Por Víctor Campos Donoso
Publicado el 31.3.2020
Quise viajar en esa forma
que duerme en sombras sobre el muro
y que espanta hoy a la mirada.
Renato Yrarrázaval
Ediciones Altazor nos ofreció el pasado año A mitad de camino (2019), libro que significa la panorámica de la obra poética construida por Sergio Pizarro Roberts (1964) desde el año 1993 hasta el año 2016. Se esboza en estas hojas una escritura que dotada de la condición nómada de sus actitudes, fórmulas y gestos erige una voz que constituye la peregrinación de una forma —su mutación y dilatación—, la marcada cadencia de un problema que carga y exhibe: la de limitarse al espacio de la página misma.

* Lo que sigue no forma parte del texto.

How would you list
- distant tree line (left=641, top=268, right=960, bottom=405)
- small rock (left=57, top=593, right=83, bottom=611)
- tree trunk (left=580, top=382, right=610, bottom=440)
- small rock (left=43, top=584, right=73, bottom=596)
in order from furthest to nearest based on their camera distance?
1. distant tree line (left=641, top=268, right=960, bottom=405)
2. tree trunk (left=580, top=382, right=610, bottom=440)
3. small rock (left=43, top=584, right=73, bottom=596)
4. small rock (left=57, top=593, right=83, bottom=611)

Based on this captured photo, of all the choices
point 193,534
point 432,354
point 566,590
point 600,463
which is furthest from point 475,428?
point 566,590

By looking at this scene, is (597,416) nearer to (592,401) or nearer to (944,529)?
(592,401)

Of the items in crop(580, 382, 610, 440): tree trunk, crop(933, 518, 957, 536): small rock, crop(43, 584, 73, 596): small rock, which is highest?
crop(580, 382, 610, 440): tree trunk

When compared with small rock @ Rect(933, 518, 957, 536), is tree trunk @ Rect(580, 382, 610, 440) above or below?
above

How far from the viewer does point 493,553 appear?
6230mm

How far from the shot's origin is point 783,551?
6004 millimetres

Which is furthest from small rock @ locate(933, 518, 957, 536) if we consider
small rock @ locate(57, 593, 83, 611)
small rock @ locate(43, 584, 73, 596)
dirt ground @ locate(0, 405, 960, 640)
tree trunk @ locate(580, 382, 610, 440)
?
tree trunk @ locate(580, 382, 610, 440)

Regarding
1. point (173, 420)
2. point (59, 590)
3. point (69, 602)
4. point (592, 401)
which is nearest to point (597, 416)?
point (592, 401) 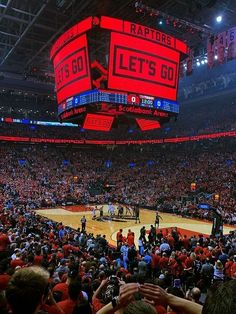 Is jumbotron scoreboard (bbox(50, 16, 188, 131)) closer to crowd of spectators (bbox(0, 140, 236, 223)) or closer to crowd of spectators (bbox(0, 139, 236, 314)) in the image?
crowd of spectators (bbox(0, 139, 236, 314))

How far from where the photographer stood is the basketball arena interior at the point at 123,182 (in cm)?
479

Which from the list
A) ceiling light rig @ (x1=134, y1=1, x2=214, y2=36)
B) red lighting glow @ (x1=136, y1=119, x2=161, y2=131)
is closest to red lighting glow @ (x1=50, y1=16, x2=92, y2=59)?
red lighting glow @ (x1=136, y1=119, x2=161, y2=131)

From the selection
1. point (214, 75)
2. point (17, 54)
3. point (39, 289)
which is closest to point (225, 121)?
point (214, 75)

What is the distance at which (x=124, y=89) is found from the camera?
13.9 meters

Esa entrega al lugar en blanco, nacida —o concluida— quizás luego de variadas lecturas personales o como mera imposición a la voz, delata un desafío que de modo progresivo comprende su auto-referencialidad. Lo digo porque la grafía de Poemas diesel (1993), su primer libro, no concuerda en apariencia con la desarrollada en Apocatástasis asténica (2003), su penúltima entrega hasta ahora registrada. El hablante del caso primero, bien nos podría recordar a ese imaginario profuso y grotesco del primer Rodrigo Lira —aquel escriba de un lenguaje y situaciones explosivas y grotescas—, o a esa carnavalización constante en La tirana (1983) de Diego Maquieira:
«Érase una vez que fui invitado a un club de alces verdes
Lindo animal !!
Nos recibieron con besos de cemento dados con baja frecuencia
Nos llevaron al altar donde está prohibido prohibir,»

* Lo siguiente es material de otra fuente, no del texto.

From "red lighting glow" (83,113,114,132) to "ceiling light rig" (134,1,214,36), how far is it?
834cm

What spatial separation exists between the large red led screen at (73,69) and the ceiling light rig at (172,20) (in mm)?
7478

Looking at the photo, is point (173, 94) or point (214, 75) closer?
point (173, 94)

Pero en el segundo poemario mencionado, la imagen se torna abstracta, el lenguaje se contrae y gesta un habla de sí, una palabra que se apunta como palabra, sin señalar lugares ni elementos vinculados a una temporalidad:
«Hija de Dios
vehemencia incivil
Nadie sabrá nada
hasta que dejen de saberlo
en sangre».
Así, cada conjunto porta su identidad en un recorrido de mutación.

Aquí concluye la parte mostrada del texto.